# Sort an array that contains only 0's and 1's

C++ implementation to sort an array that contains only 0's and 1's.
Submitted by Vikneshwar GK, on January 20, 2022

Consider an array of size n and it contains values only 0's and 1's. For example, if n=5, the array elements can be 0, 1, 1, 0, and 1. The task at hand is to sort this array in a time-efficient manner, i.e., place all the 0's on the left side and 1's on the right side.

Example:

```Input:
test1[] = {1, 1, 0, 1, 0, 0, 0, 1, 1, 0}
Output:
test1[] = {0, 0, 0, 0, 0, 1, 1, 1, 1, 1}

Input:
test1[] = {1, 1, 1, 1, 1, 1, 0, 1, 1, 1}
Output:
test1[] = {0, 1, 1, 1, 1, 1, 1, 1, 1, 1}
```

Solution 1: Sorting the array

This is a usual approach to solve this problem, i.e., sorting the given array using an O(nlog(n)) algorithm.

C++ Implementation:

```#include <iostream>
#include <bits/stdc++.h>

using namespace std;

// Function to print the array
void printArray(int array[], int length)
{
for (int i = 0; i < length; i++)
cout << array[i] << " ";
cout << endl;
}

// Main function
int main()
{
int array[100], N;
cout << "Enter Number of elements: ";
cin >> N;

for (int i = 0; i < N; i++) {
cout << "Enter element " << i + 1 << ":";
cin >> array[i];
}

// sorting the array
sort(array, array + N);

cout << "Sorted Array" << endl;
printArray(array, N);

return 0;
}
```

Output:

```Enter Number of elements: 5
Enter element 1:0
Enter element 2:0
Enter element 3:1
Enter element 4:1
Enter element 5:0
Sorted Array
0 0 0 1 1
```

Solution 2: Using start and end Pointers

This approach uses two pointers to point the start and end of the array.

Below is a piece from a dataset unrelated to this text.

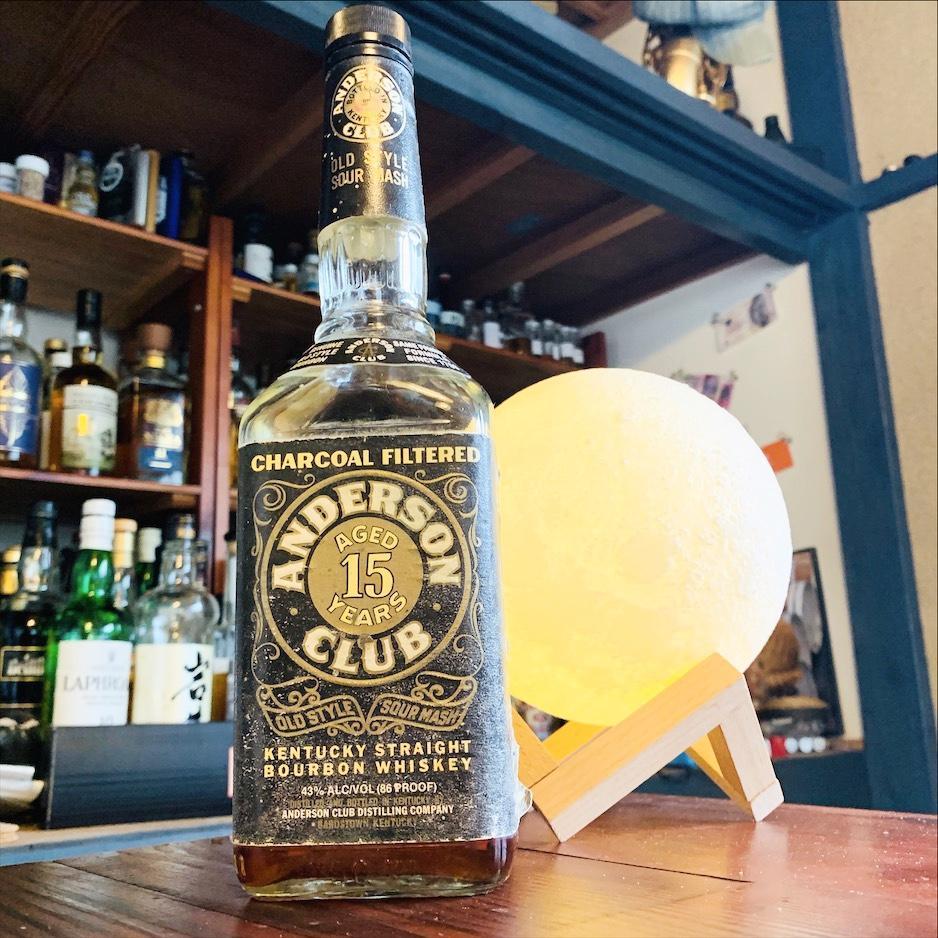 ANDERSONクラブ 15年 750ml アメリカンウイスキー 古酒 ☆アンダーソン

It involves the following steps:

• Step 1: start=0 and end=length-1
• Step 2: increment start if the array element at start is equal to 0.
• Step 3: if not, swap the elements at start and end, and decrement end.
• Step 4: repeat step 2 and step 3 until start becomes greater than or equal to end.

C++ Implementation:

```#include <bits/stdc++.h>
using namespace std;

// function to sorting 0 and 1
void sort0and1(int array[], int length)
{
int start = 0;
int end = length - 1;

// loop until start is less than end
while (start < end) {

if (array[start] == 1) {
// swap element at start and end
swap(array[start], array[end]);
end--;
}
else {
start++;
}
}
}

// Function to print the array
void printArray(int array[], int length)
{
for (int i = 0; i < length; i++)
cout << array[i] << " ";
cout << endl;
}

// Main function
int main()
{
int array[100], length;
cout << "Enter Number of elements: ";
cin >> length;

for (int i = 0; i < length; i++) {
cout << "Enter element " << i + 1 << ":";
cin >> array[i];
}

// sorting the array
sort0and1(array, length);

cout << "Sorted Array" << endl;
printArray(array, length);

return 0;
}
```

Output:

```Enter Number of elements: 10
Enter element 1:1
Enter element 2:1
Enter element 3:0
Enter element 4:1
Enter element 5:0
Enter element 6:0
Enter element 7:1
Enter element 8:1
Enter element 9:1
Enter element 10:0
Sorted Array
0 0 0 0 1 1 1 1 1 1
```

Time Complexity: O(n)

As this approach involves simple iteration through the array, the time complexity remains O(n).